- **TASK OBJECTIVE**: What is needed is an exact copy of the lines in the entries below from the one holding "Bir adamın enfekte" through the one holding "suchá pokožka dieťaťa", pictures excluded.

- **DATA SHOWN**:
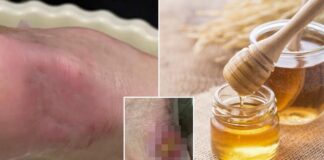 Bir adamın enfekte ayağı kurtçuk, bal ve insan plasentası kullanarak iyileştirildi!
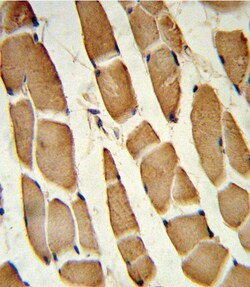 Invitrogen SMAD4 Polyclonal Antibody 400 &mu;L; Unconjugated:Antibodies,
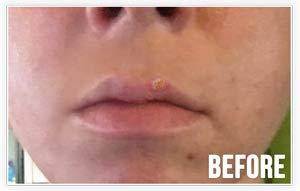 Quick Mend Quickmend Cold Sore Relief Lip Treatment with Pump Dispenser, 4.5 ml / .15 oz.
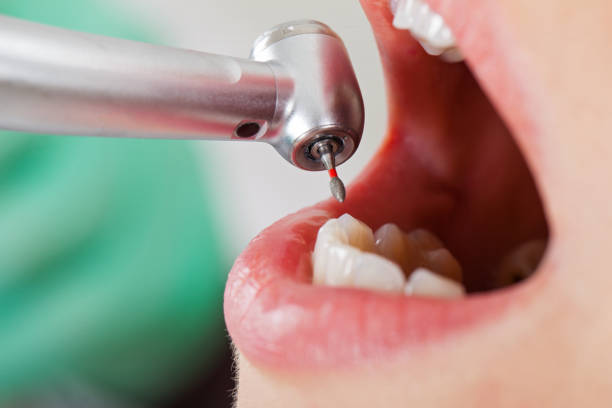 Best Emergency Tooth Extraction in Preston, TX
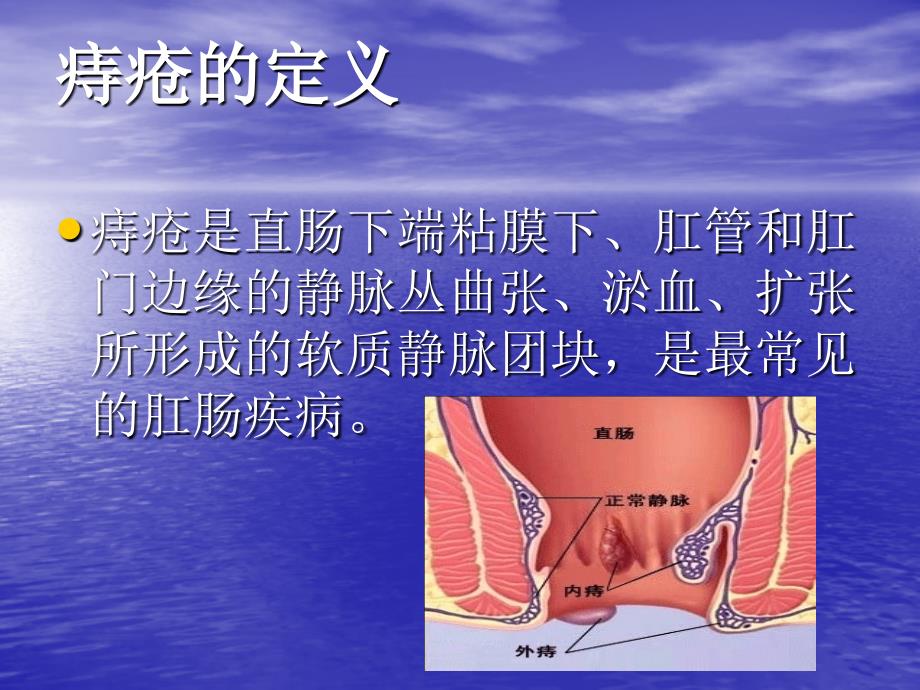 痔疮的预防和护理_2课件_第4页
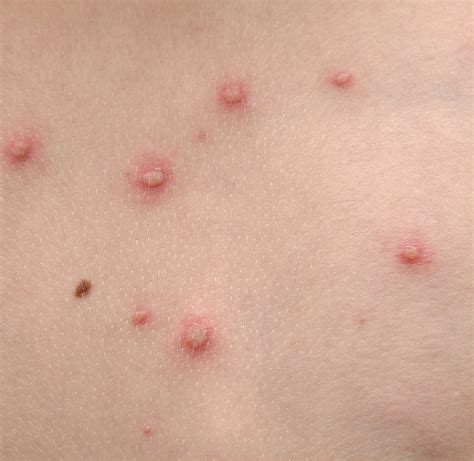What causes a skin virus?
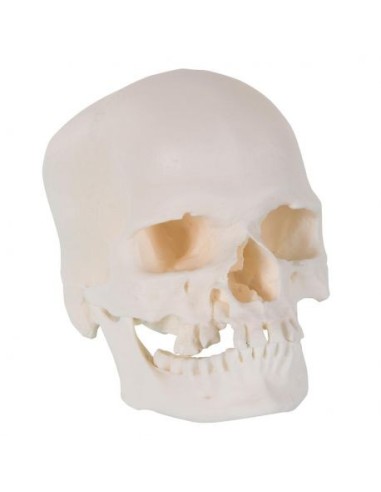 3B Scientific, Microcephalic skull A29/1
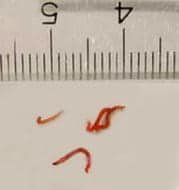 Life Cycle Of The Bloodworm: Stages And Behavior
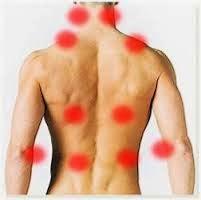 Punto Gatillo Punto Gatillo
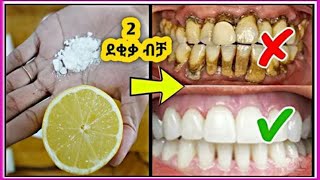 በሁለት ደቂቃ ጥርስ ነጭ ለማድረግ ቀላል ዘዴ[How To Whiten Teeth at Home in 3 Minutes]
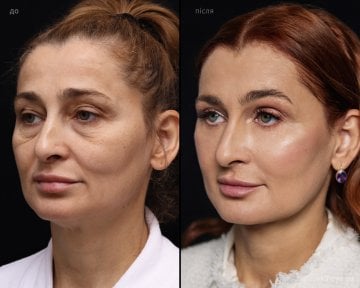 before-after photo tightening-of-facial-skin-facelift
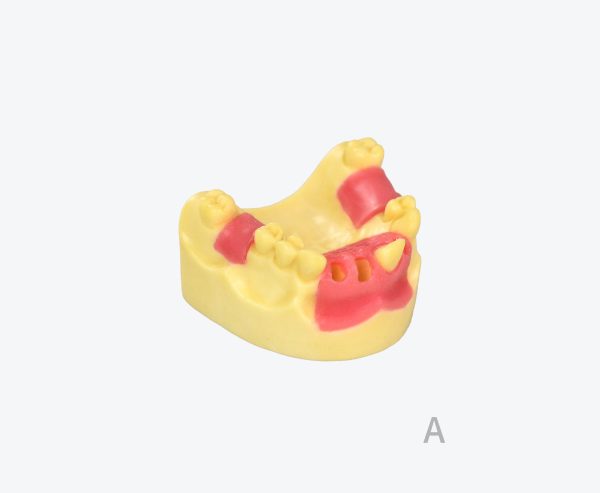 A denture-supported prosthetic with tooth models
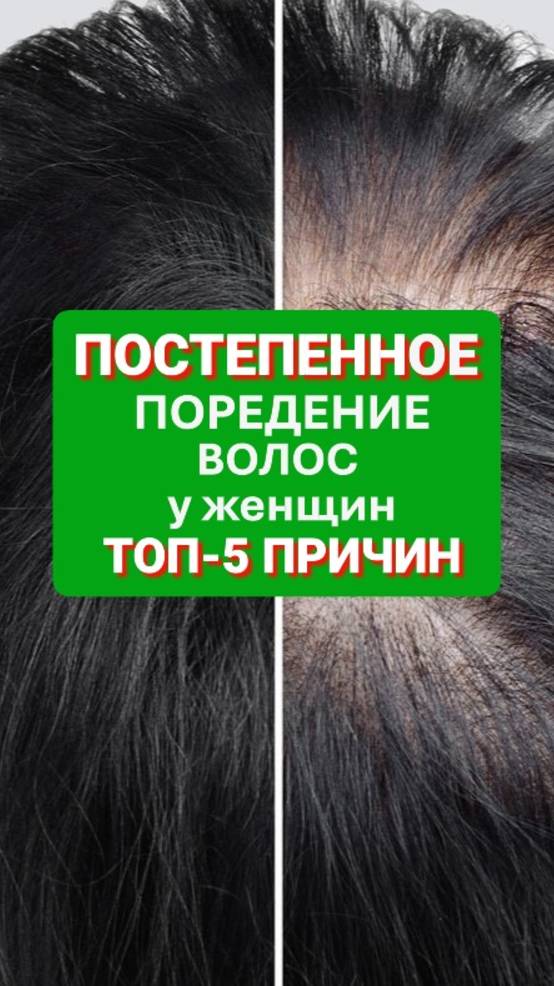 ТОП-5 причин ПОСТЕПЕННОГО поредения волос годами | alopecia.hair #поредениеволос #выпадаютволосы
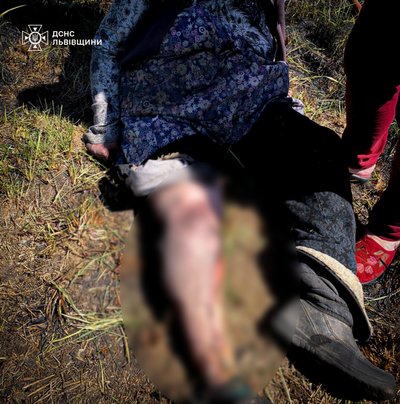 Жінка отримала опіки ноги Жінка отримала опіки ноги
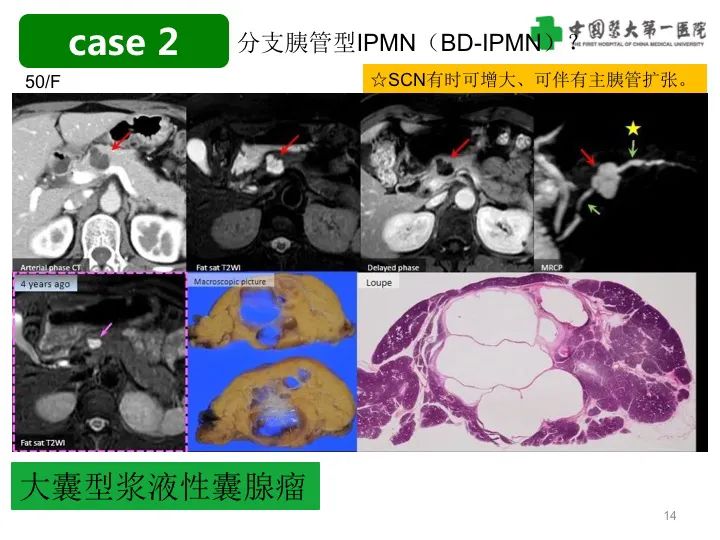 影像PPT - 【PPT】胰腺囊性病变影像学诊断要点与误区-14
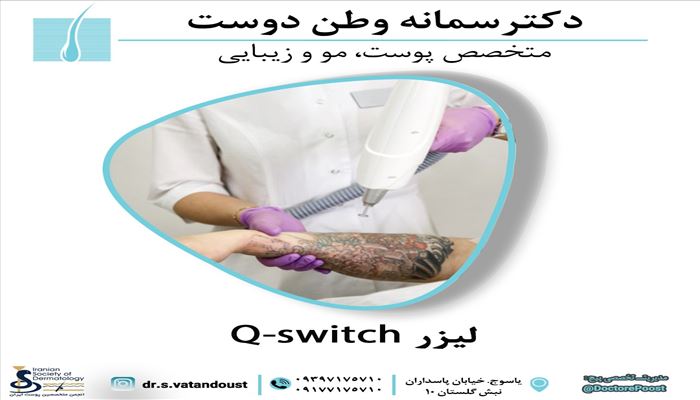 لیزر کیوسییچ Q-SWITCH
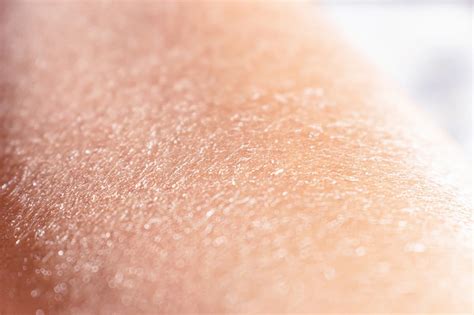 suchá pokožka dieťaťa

==

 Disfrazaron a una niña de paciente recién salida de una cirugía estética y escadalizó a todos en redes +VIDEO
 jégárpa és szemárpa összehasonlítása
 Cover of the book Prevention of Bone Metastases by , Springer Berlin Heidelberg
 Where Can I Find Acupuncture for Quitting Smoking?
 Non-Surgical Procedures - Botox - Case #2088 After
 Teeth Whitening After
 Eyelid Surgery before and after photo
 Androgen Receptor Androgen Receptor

- **OUTPUT BELOW**:
 Bir adamın enfekte ayağı kurtçuk, bal ve insan plasentası kullanarak iyileştirildi!
 Invitrogen SMAD4 Polyclonal Antibody 400 &mu;L; Unconjugated:Antibodies,
 Quick Mend Quickmend Cold Sore Relief Lip Treatment with Pump Dispenser, 4.5 ml / .15 oz.
 Best Emergency Tooth Extraction in Preston, TX
 痔疮的预防和护理_2课件_第4页
What causes a skin virus?
 3B Scientific, Microcephalic skull A29/1
 Life Cycle Of The Bloodworm: Stages And Behavior
 Punto Gatillo Punto Gatillo
 በሁለት ደቂቃ ጥርስ ነጭ ለማድረግ ቀላል ዘዴ[How To Whiten Teeth at Home in 3 Minutes]
 before-after photo tightening-of-facial-skin-facelift
 A denture-supported prosthetic with tooth models
 ТОП-5 причин ПОСТЕПЕННОГО поредения волос годами | alopecia.hair #поредениеволос #выпадаютволосы
 Жінка отримала опіки ноги Жінка отримала опіки ноги
 影像PPT - 【PPT】胰腺囊性病变影像学诊断要点与误区-14
 لیزر کیوسییچ Q-SWITCH
 suchá pokožka dieťaťa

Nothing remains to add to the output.